## Activity
Every line in the entries that holds "with" should be identified and copied.

## Provided data

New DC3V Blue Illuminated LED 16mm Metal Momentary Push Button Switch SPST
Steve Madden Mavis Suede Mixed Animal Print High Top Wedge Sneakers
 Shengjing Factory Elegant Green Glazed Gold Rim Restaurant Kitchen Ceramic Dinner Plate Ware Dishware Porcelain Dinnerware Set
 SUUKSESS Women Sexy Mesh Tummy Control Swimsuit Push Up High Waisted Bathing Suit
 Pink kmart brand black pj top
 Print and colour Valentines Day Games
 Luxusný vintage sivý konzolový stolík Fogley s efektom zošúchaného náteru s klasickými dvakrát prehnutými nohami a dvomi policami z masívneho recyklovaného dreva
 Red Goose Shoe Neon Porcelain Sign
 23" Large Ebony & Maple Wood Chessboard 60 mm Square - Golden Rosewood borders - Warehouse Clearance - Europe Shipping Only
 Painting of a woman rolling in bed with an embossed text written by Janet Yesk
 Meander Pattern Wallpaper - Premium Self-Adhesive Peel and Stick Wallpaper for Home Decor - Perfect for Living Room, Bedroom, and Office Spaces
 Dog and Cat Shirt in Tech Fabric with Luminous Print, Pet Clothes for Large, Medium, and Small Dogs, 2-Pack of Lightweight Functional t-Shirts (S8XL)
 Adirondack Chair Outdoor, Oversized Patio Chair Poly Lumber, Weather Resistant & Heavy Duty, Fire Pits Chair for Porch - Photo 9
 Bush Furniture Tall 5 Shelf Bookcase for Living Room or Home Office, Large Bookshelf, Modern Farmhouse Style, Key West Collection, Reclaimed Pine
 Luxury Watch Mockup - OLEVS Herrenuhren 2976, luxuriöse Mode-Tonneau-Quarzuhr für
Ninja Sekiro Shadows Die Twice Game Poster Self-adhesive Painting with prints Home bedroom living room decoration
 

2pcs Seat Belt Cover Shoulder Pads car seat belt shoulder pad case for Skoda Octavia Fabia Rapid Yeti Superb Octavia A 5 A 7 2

## Response
 Painting of a woman rolling in bed with an embossed text written by Janet Yesk
 Dog and Cat Shirt in Tech Fabric with Luminous Print, Pet Clothes for Large, Medium, and Small Dogs, 2-Pack of Lightweight Functional t-Shirts (S8XL)
Ninja Sekiro Shadows Die Twice Game Poster Self-adhesive Painting with prints Home bedroom living room decoration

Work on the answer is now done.